In the latest blow to Theresa May’s negotiating strategy, Stewart Jackson, who was special advisor to David David before his resignation in July, said Chequers deal imposes a cost that “is frankly not worth paying”.
He spelt out in an article for the Telegraph why he firmly believes ‘Canada-plus’ is the ideal, but that plans for WTO deal should “reign supreme” over Chequers.
Mr Jackson said: “The WTO rules are the foundation of open trading systems between nations: it is the goal of the WTO to reduce trade barriers, not to impose them.
“Our trade with countries with whom we don’t have preferential trading arrangements are underpinned by WTO rules and network of Mutual Recognition Agreements which we would and should replicate.
“There is no reason why other countries who want to trade with us won’t want to do this.”
The Prime Minister may have trouble getting her Brexit agreement through the Commons, especially after David Davis confirmed this week that he will be voting against the bill due to be put to MPs in six months time.
Mr Jackson served as the Conservative MP for Peterborough from 2005 – 2017, before being beaten to his seat by Labour MP Fiona Onasanya in the snap General Election.
He was appointed to be David Davis’s chief of staff and special advisor when he became Brexit Secretary, but followed him to the door after the Chequers plan was announced.
He said yesterday: “A bad deal with the EU – like chequers – is one that extorts a high price for trading with its members, forces us to be under the jurisdiction of the European Courts and opens our borders to unrestricted movement of EU citizens.

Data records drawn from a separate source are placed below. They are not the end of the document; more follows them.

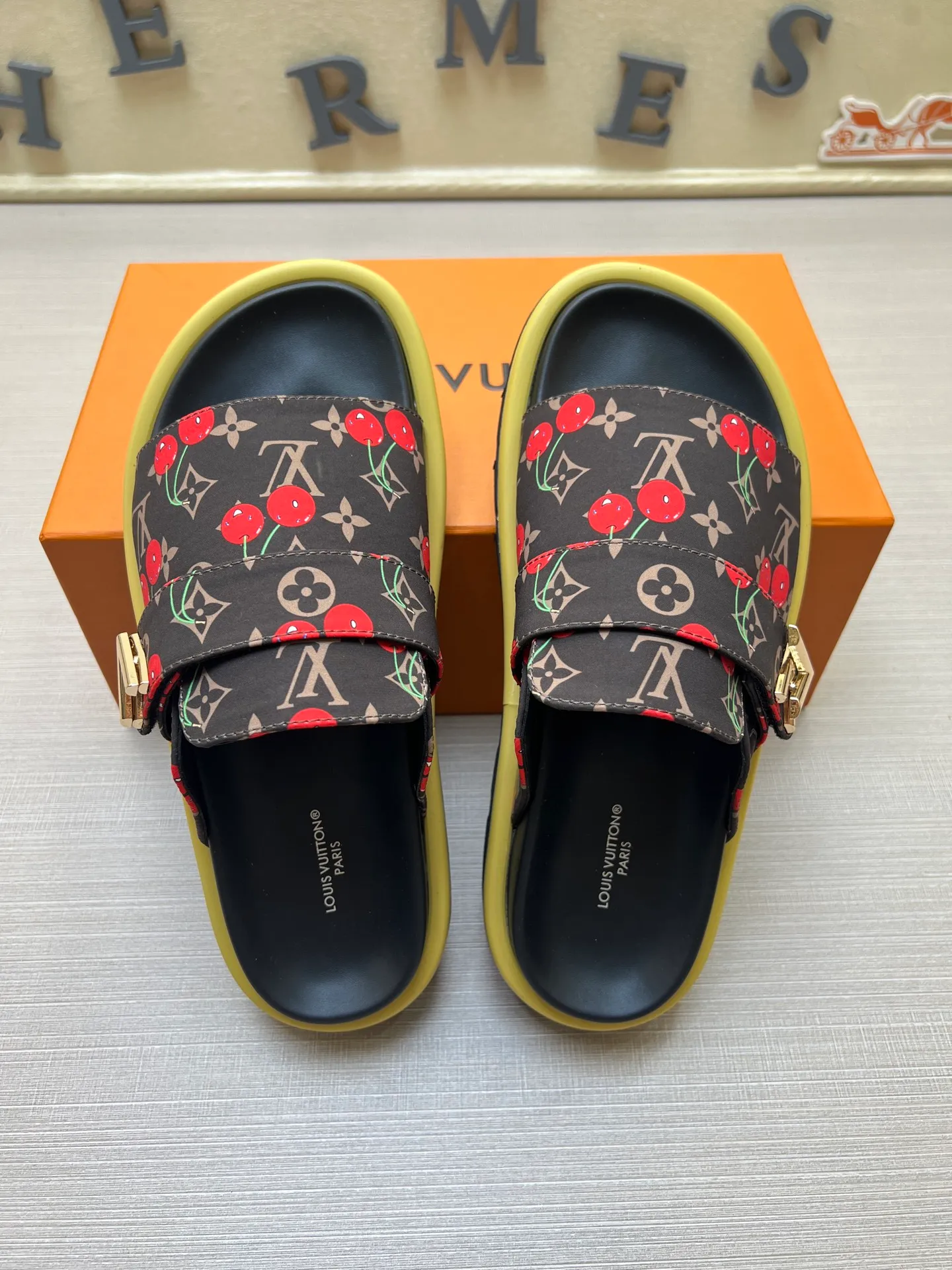 Factory price: 360💰【LOUIS VUITTON】Louis Vuitton, LV printing, men's and women's slippers are on the market, drawer box packaging with cloth bag, card, the upper pattern looks very soft and waxy, super versatile leg slimming artifact. Fabric: imported denim/canvas/old fabric, LV hardware LOGO, official website pattern printing, comfortable to wear, foot pads: high elastic men's shoes💰U water table. Sole: foam sole, heel height: about 5cm. Code number: 35-46, 35, 45, 46 are custom-made and non-returnable. Color: multiple colors and styles available.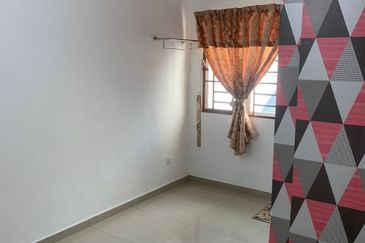 Kota Puteri, Batu Arang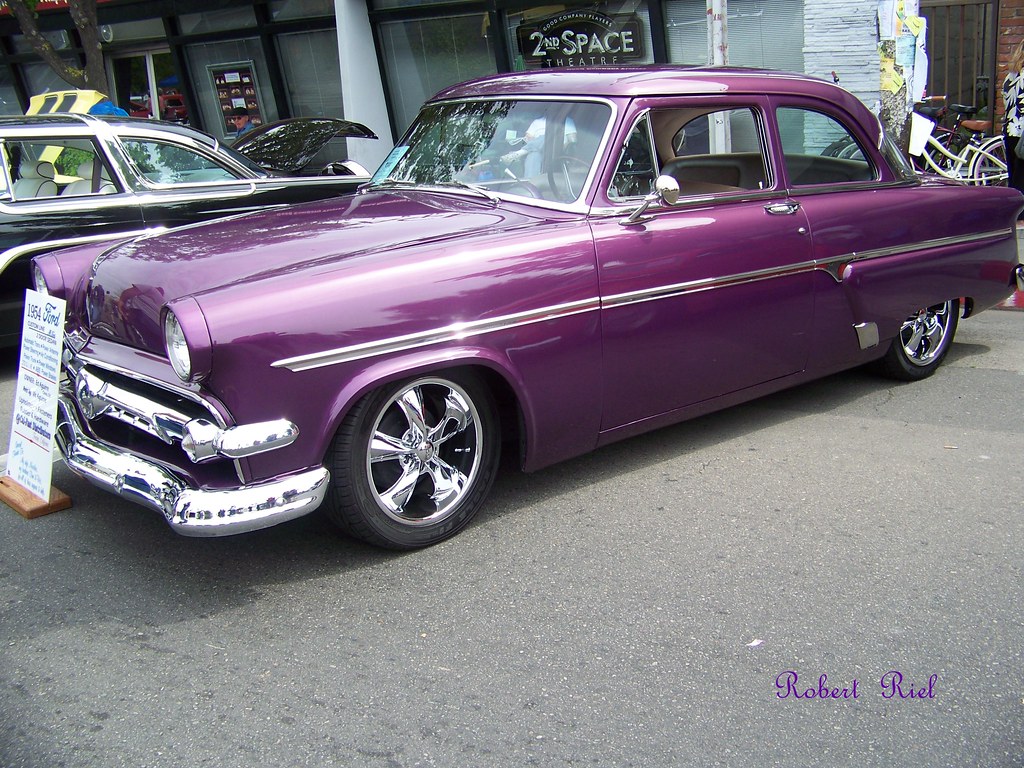 1954 Ford Customline 2010 Tower District Car Show Fresno… Bob the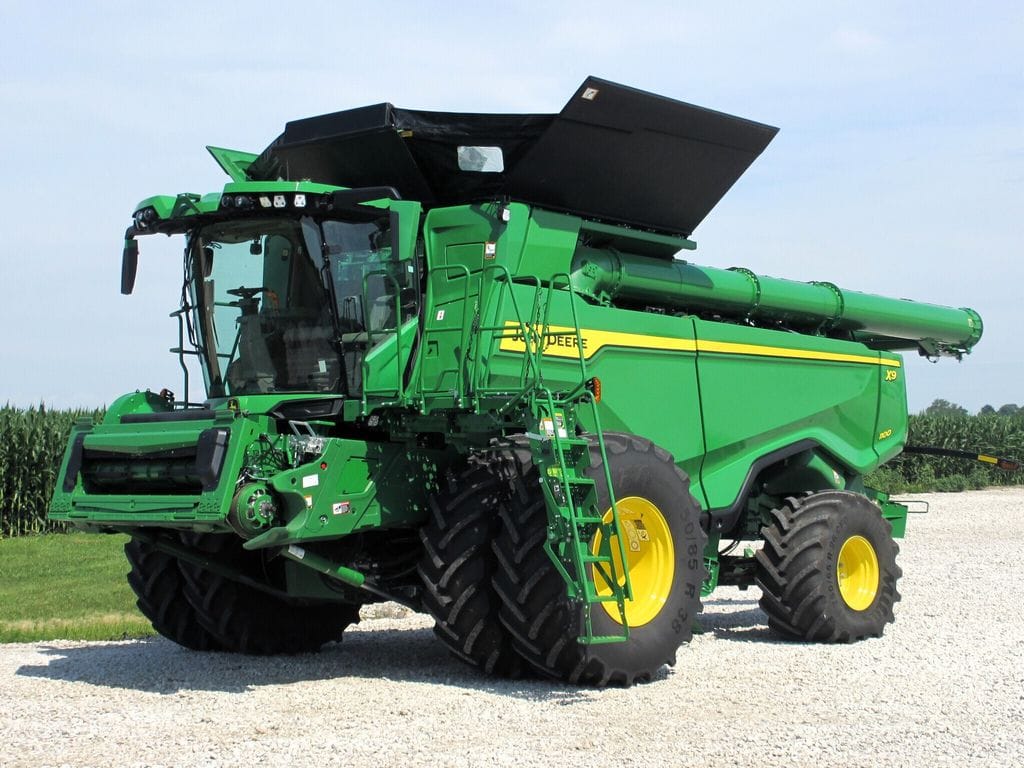 Main image John Deere X9 1100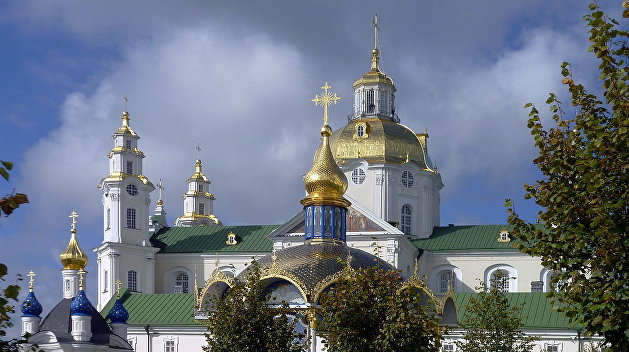 где находится почаевский монастырь какая область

“When other countries such as Japan and Canada has trade deals that require none of those conditions, why then should the UK – the EU’s largest export market – tolerate such conditions?”
Mr Jackson added WTO would allow the UK to take skilled workers from countries outside the EU, such as India, New Zealand or the United States.
It also would allow the UK Government to set its own tariffs, reducing them where it would promote greater trade and economic growth.
Far from falling off a “cliff edge” as some have described it, Mr Jackson asserted these international rules are preferable to an arrangement that restricts our trade options or requires freedom of movement as a prerequisite.
He said, if we left Brexit without a deal with the EU, we would accelerate trade deals with the United States (Trans-Pacific Partnership) and direct negotiations with key countries with whom we have Free Trade Agreements through the EU – such as Switzerland, South Korea, Mexico and Canada.